SilentH- How do you not know what kind of round baler you are running?

Trey


----------



## barnrope

Rowse, Circle C, Vermeer, and Darf make the best rakes in my opinion. H&S is a little cheaper and you get what you pay for.


----------



## SilentH

treymo said:


> German Farmer- I apologize my comment was not directed towards your operation rather it was directed towards SilentH.
> 
> SilentH- How do you not know what kind of round baler you are running?
> 
> Trey


Trey,

You are right and I should... The farm/ranch for me is a hobby, not a commercial operation. I am learning something new every day, and a ton of what I've learned is from this website, which I am very grateful for the advice!!


----------



## SilentH

Thanks for all the above advice!! I have a great feel on what brand rake and size! Now I am going to start pricing the top brands everyone had mentioned along with deciding whether to* buy new or used!*

Invaluable information especially for when I go to the Switzer Auction near Sealy, Texas!


----------



## German Farmer

I took no offense Trey. I hope my comments didn't seem angry. It was more just informational on how things go here.

Good luck, Silent H.

Don't be afraid to investigate what your neighbors do or pick their brains. Many do things a certain way but would be happy to say that they might do it differently if they were starting over or new.

I happen to be a teacher too, and we are always quick to discuss methods with other teachers, but I know in the farming world that talking shop is sometimes taboo and some guys feel others are trying to steal from them, but be up front about intentions may open some doors.


----------



## Vol

SilentH said:


> Thanks for all the above advice!! I have a great feel on what brand rake and size! Now I am going to start pricing the top brands everyone had mentioned along with deciding whether to* buy new or used!*
> 
> Invaluable information especially for when I go to the Switzer Auction near Sealy, Texas!


Good luck at the auction H....I usually enjoy them immensely.

Regards, Mike


----------



## Hay Varment

We run a 1010 Frontier when we are bailing small squares it has been over several acres the four bolts that holds the hitch to the frame have broke we put grade 8 bolts in and tacked it with the welder and we have had no more problems with it we had a Gehl that did the same our neighbor has had the same breakage with his and more people I know I think its just a week spot in the rake we run a 14 wheel H & S High capacity and the only thing it has had done is teeth put in but it does bout 2600 acres a year so that's the reason for that but it is a great rake and simple to use just like the guy above you have to watch bout turning sharp we use a 686 to pull it does a great job good luck


----------



## Hay Varment

We have a H & S High Capacity 14 wheel rake I wouldnt have anything else but that you can spread it out to any width that you want it in thick or thin hay we use it on rolling hay the only thing we have done to it is put teeth in it of course its been over several thousand acres its 3 yrs old its been over bout 2800 acres a year on the other hand we use a 1010 Frontier V rake for our small square baler the only problem we have had with it is the four bolts that holds the tounge to the frame have broke out we replaced them with grade 8 bolts and welded it we had a Gehl that done the samething my neighbor has the same problem with his along with other people I have talked to I think its just a week spot in the rake its self but I would go with a High Capacity just rember like the guy said above watch bout turning sharp on the end rows


----------



## gradyjohn

Tx Jim said:


> JD 700 & 705 rakes pull good down the highway but also heat the tractors hyd oil good in the field when raking.

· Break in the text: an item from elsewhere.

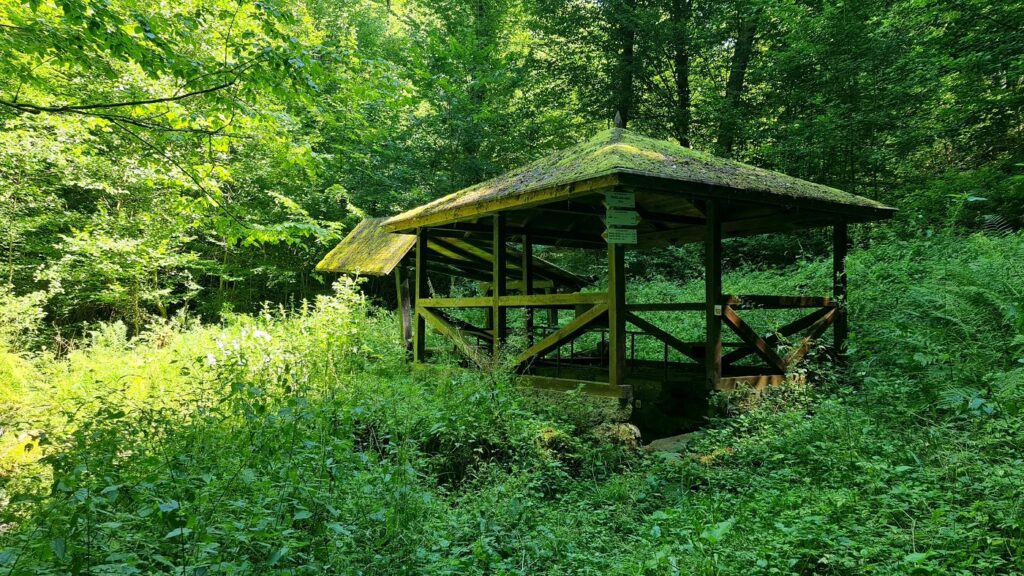 Prístrešok šťavice asi kilometer za Rimavským Brezovom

We run ours with a JD 6330 @ about 1500 engine rpm's. Do not have the rake turning full power on the hydraulics either. We have run it behind a JD4440 and 4450 with no problems.


----------



## Tx Jim

gradyjohn said:


> We run ours with a JD 6330 @ about 1500 engine rpm's. Do not have the rake turning full power on the hydraulics either. We have run it behind a JD4440 and 4450 with no problems.


Way back in the 90's when I 1st started raking with a Vermeer R23 operating rake from tractor hyd's one could not disconnect the hyd hoses from tractor after several hrs of raking bare handed because hoses were VERY HOT. My thought are that this heat would shorten the life of seals & hyd components. I changed my Vermeer rake over to pto pump drive using rake tongue as a reservoir. I could then pull rake with a smaller tractor therefore saving fuel.


----------



## Gearclash

The Vermeer R23s only need 8gpm flow to operate the baskets. Anything more than that is returned back to the tractor from the priority valve on the hitch. They will heat up the tractor hydraulics, but so far we haven't had a problem with the IH 686 that has run an R23 for 15 years. At times we will rake 80 acres of alfalfa that's at 60% moisture or so.


----------



## SilentH

Ok, I've looking at the Kuhn.... I need a little more education from the forum.

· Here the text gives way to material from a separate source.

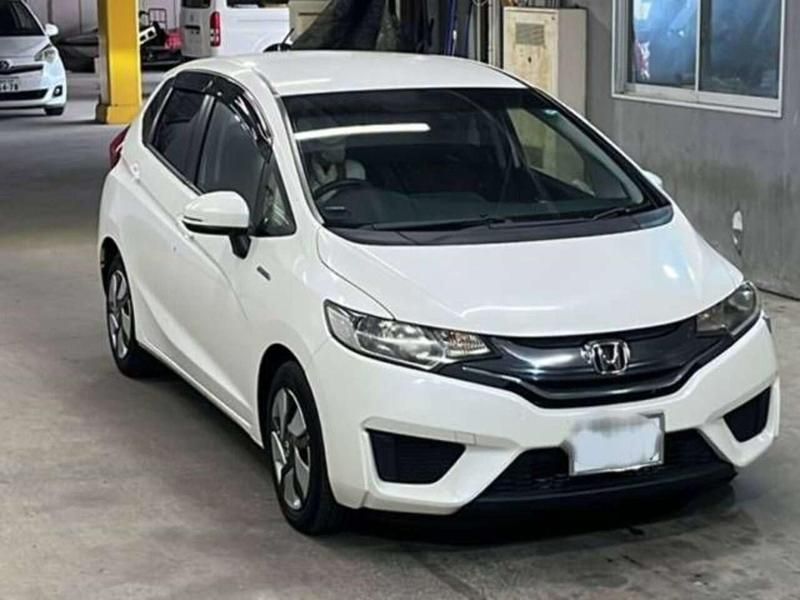 White Used 2015 Honda Jazz Hybrid Hatchback | £10,990 (Expensive) - Image 1/3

My baler is a John Deere 468 / 568 series. My hay field is 40 acres of coastal. I'm getting 3 cuts per year. Haven't fertilized but may start this year. I do aerate my fields. My budget is less than 10K for new.

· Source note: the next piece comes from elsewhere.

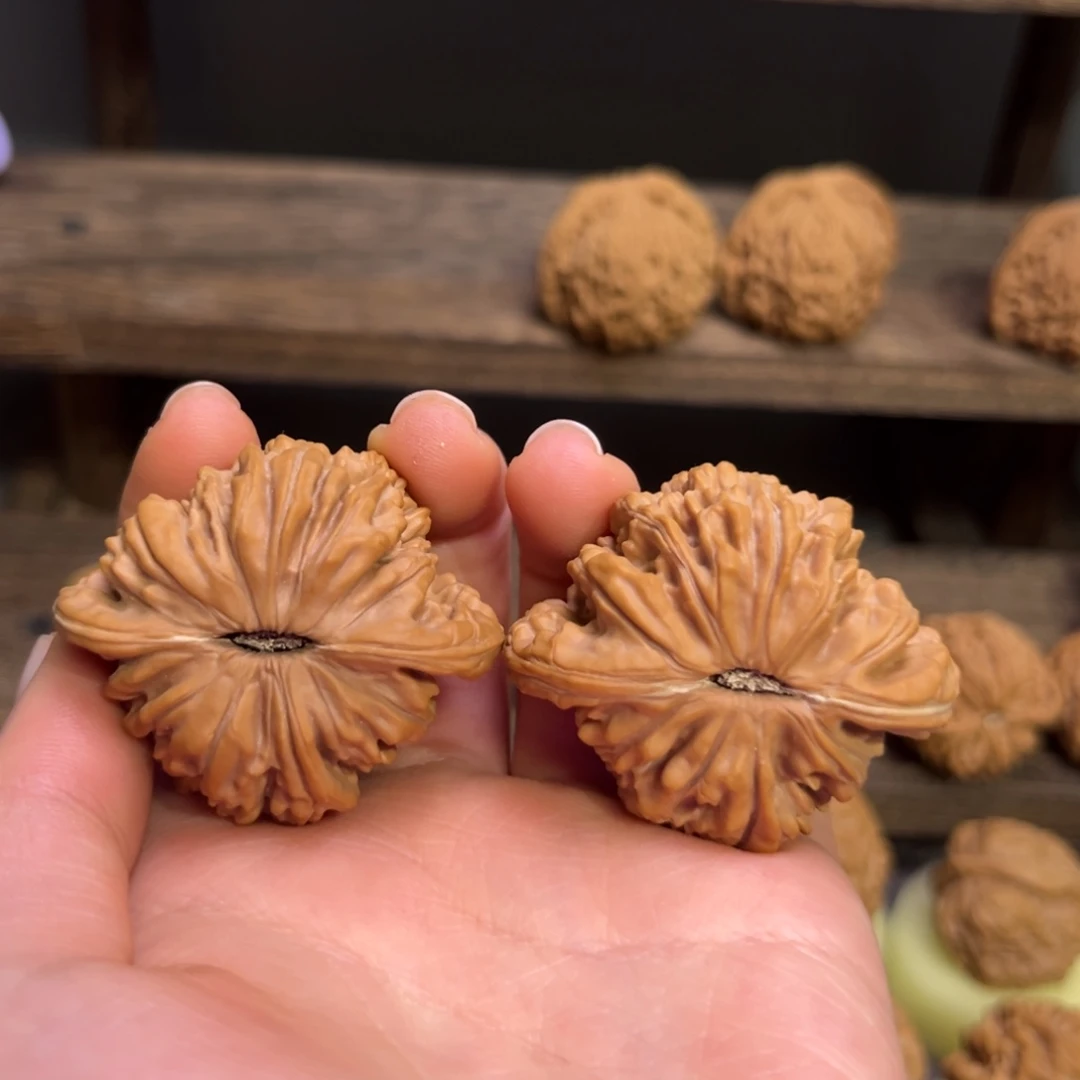 K***K文玩核桃把件s11楼子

Someone mention I should be a high capacity rake? Please explain what the differences are between the two types?

Do I need to match my baler to a certain v-rake or does that matter?

Thanks!


----------



## deadmoose

Which baler? How many bales (of what size) per cut? Unless you have really high yields I think carted speed rake ahould do you well. 10 or 12 wheel. Either will be adjustable to match the windrow to your baler. Both should be under budget by at least a couple thousand.


----------



## haydaddy97

REFERENCE TO THE V RAKES BEEN VERY HAPPY WITH MY 12 WHEEL AND 14 WHEEL HC H AND S RAKES TROUPLE FREE


----------



## somedevildawg

Haydaddy, if it ain't too much trouble, find that key that says "cap lock" and push it and see if them caps won't correct themselves.....not that I care, just seems like you're YELLING.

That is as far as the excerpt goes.